What you will do. Lines from the line with "Goggles Hat Adult" to the line with "hat, robot, staff, pixel" in the entries below, and only those, must be output exactly, with both ends included.

Supplied data.
■ ■ ■ ■ ■ ■ ■
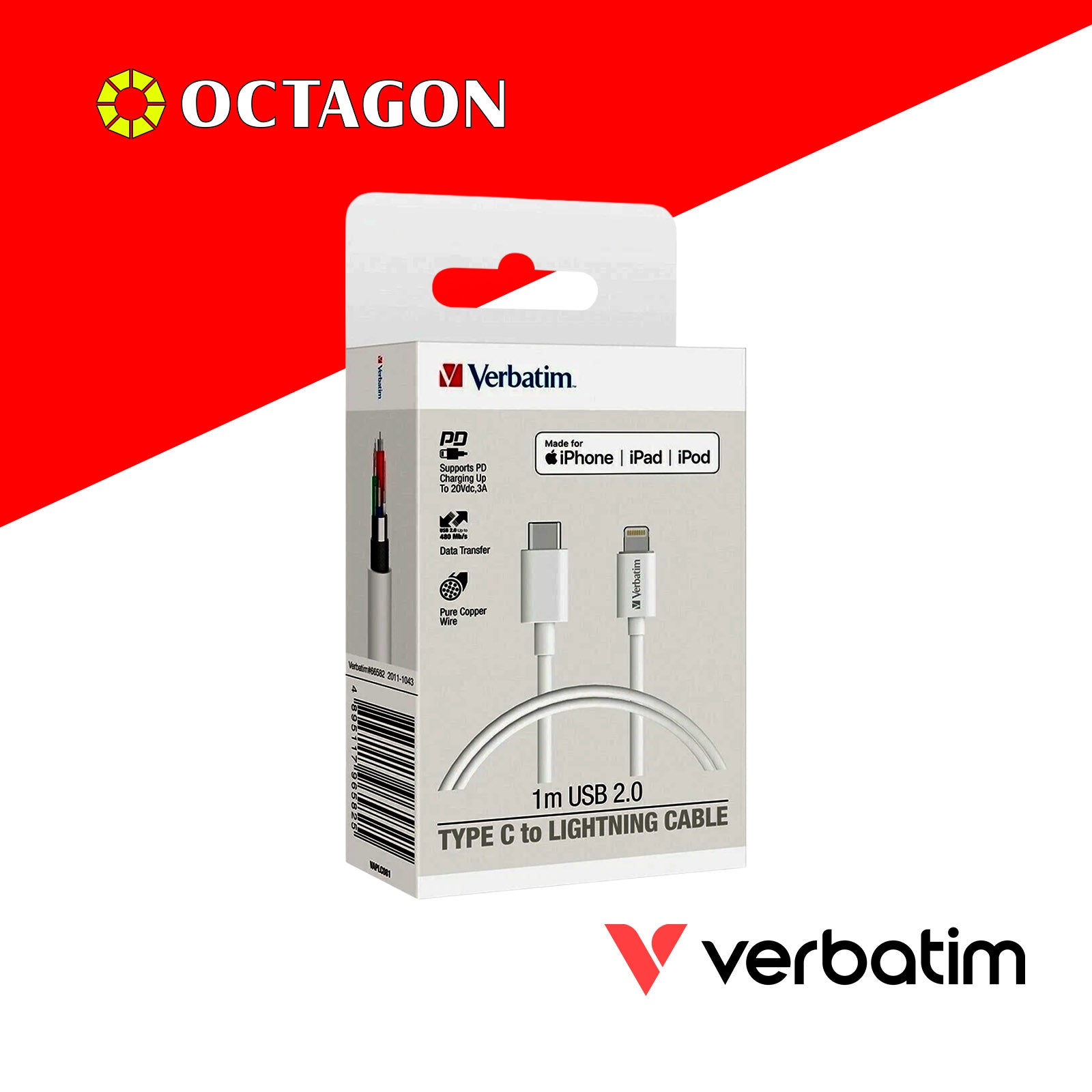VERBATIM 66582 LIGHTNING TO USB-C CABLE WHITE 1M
■ ■ ■ ■ ■ ■ ■
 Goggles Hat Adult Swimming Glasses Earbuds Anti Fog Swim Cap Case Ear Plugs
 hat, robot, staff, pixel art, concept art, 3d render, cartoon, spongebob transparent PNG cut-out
■ ■ ■ ■ ■ ■ ■
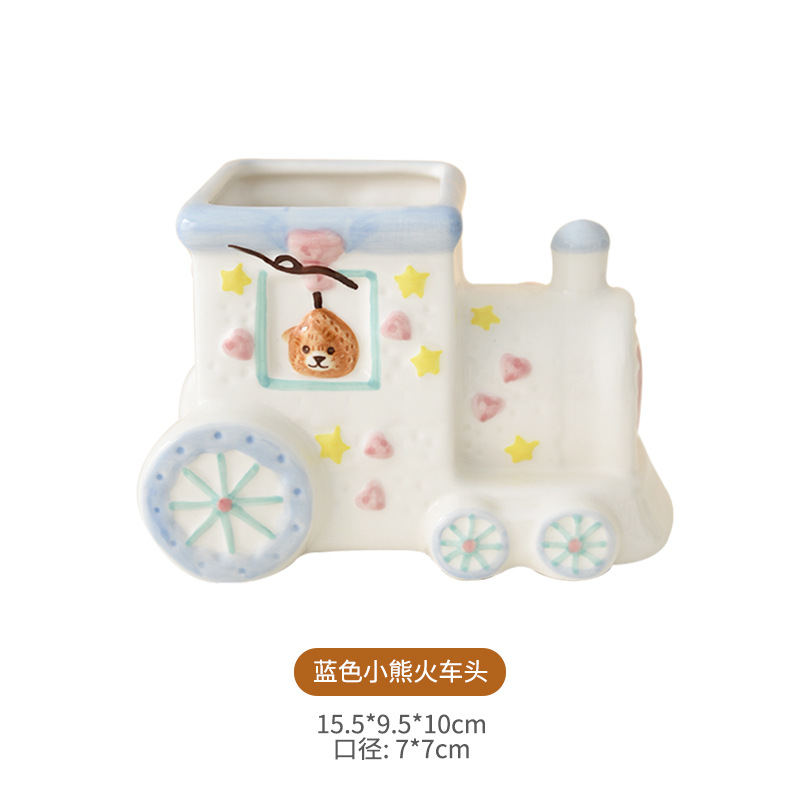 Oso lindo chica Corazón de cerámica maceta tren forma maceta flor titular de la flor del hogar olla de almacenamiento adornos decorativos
■ ■ ■ ■ ■ ■ ■
Task response.
 Goggles Hat Adult Swimming Glasses Earbuds Anti Fog Swim Cap Case Ear Plugs
 hat, robot, staff, pixel art, concept art, 3d render, cartoon, spongebob transparent PNG cut-out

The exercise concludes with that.